# Assignment
Output all entries verbatim. Skip pictures.

# Records to process
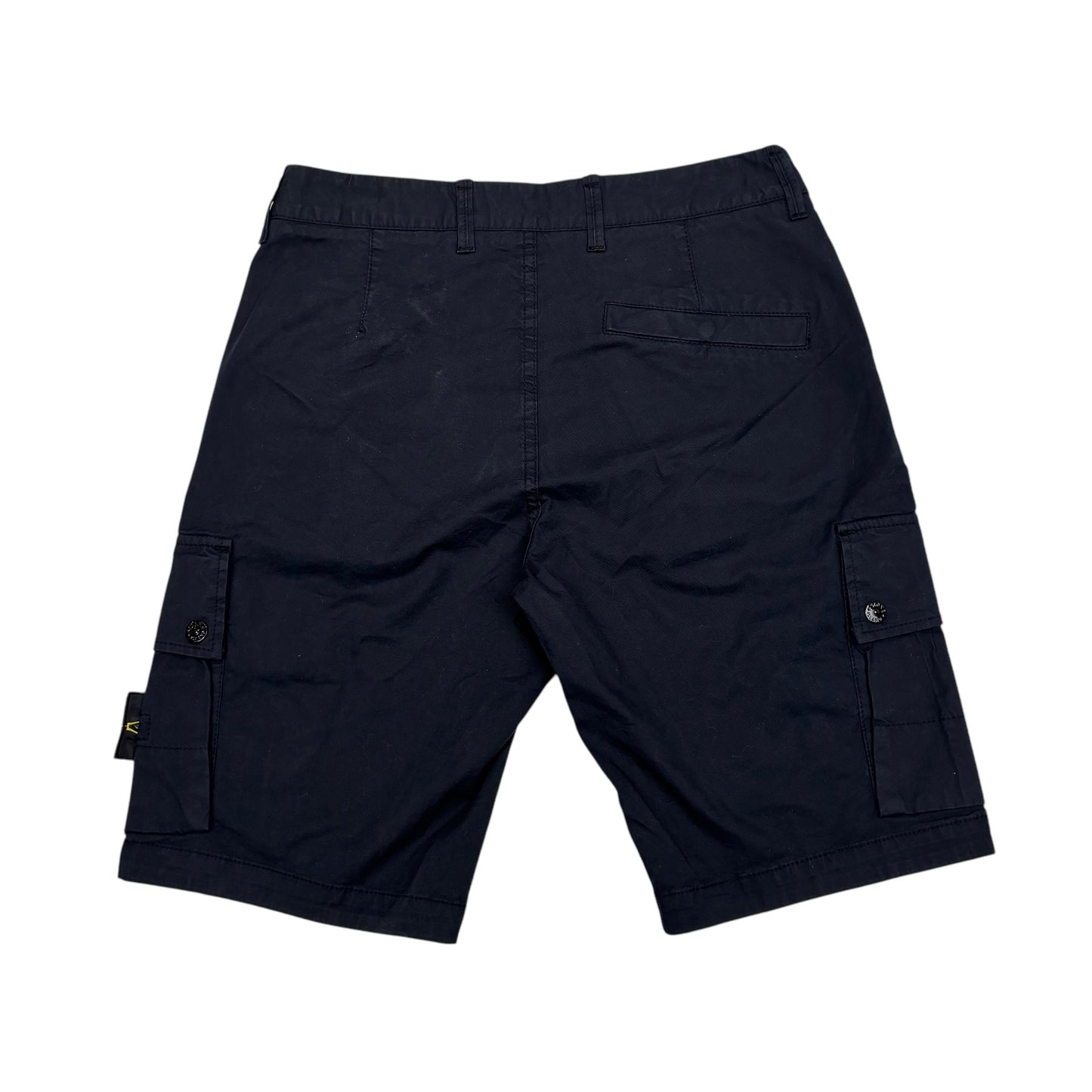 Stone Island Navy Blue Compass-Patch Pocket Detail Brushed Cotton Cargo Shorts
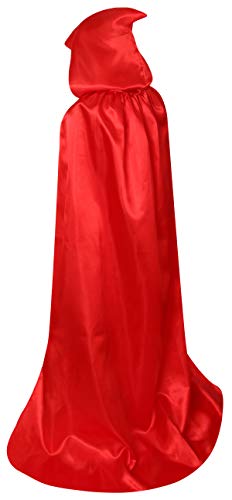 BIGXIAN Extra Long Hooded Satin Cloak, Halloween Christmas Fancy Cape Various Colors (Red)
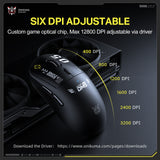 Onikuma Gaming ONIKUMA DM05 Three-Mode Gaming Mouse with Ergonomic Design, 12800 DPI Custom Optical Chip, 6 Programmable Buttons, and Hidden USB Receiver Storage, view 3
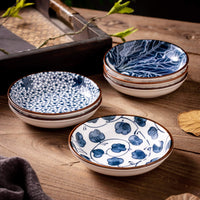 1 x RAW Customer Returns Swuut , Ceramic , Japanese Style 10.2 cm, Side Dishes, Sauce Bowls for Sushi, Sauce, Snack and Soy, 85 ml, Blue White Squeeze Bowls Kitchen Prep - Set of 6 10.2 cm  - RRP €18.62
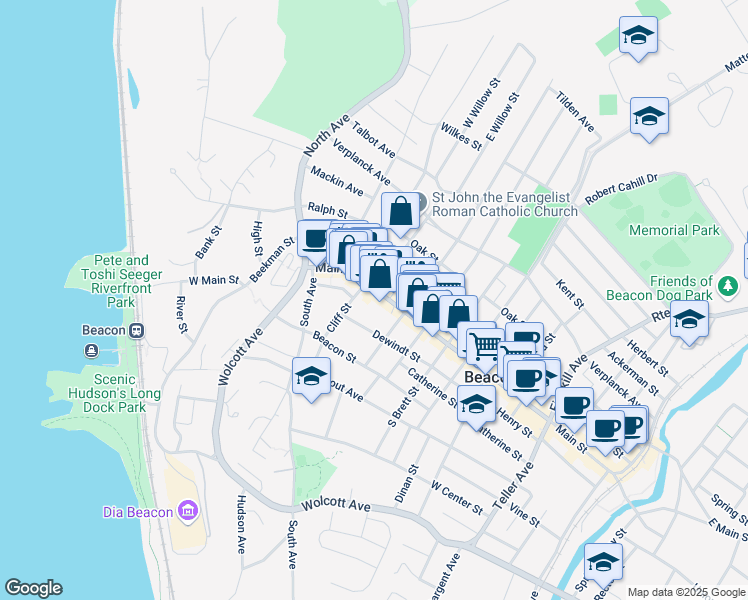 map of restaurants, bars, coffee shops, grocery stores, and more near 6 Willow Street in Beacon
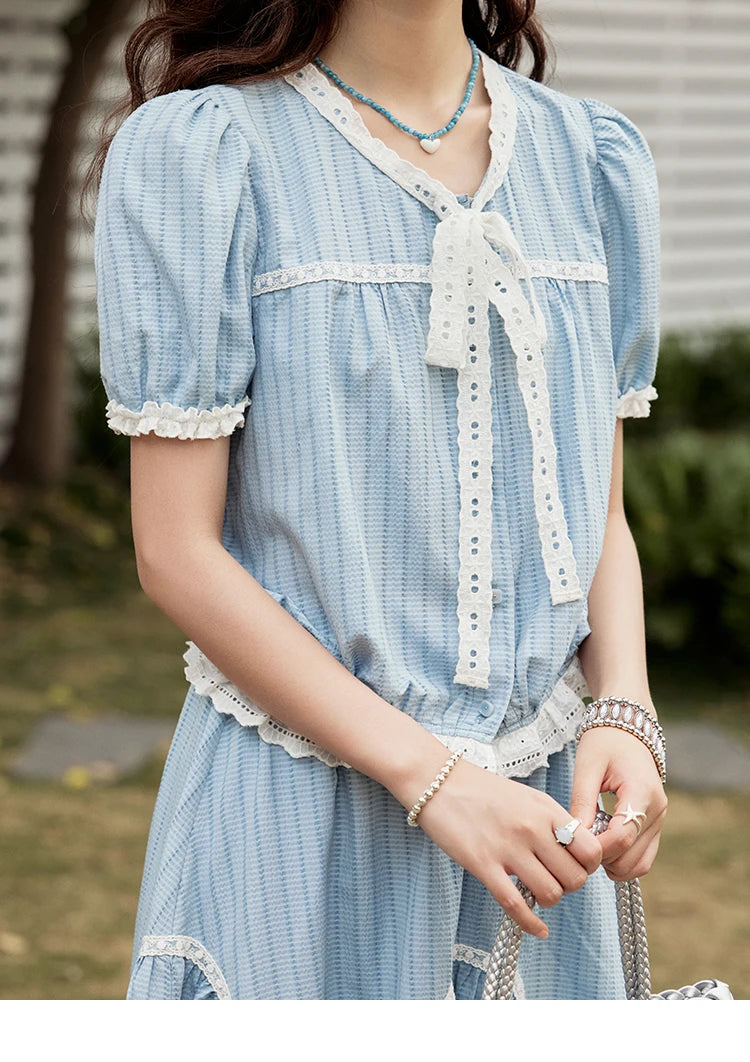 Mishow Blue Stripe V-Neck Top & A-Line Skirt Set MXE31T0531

# Expected answer
 Stone Island Navy Blue Compass-Patch Pocket Detail Brushed Cotton Cargo Shorts
 BIGXIAN Extra Long Hooded Satin Cloak, Halloween Christmas Fancy Cape Various Colors (Red)
 Onikuma Gaming ONIKUMA DM05 Three-Mode Gaming Mouse with Ergonomic Design, 12800 DPI Custom Optical Chip, 6 Programmable Buttons, and Hidden USB Receiver Storage, view 3
 1 x RAW Customer Returns Swuut , Ceramic , Japanese Style 10.2 cm, Side Dishes, Sauce Bowls for Sushi, Sauce, Snack and Soy, 85 ml, Blue White Squeeze Bowls Kitchen Prep - Set of 6 10.2 cm  - RRP €18.62
 map of restaurants, bars, coffee shops, grocery stores, and more near 6 Willow Street in Beacon
 Mishow Blue Stripe V-Neck Top & A-Line Skirt Set MXE31T0531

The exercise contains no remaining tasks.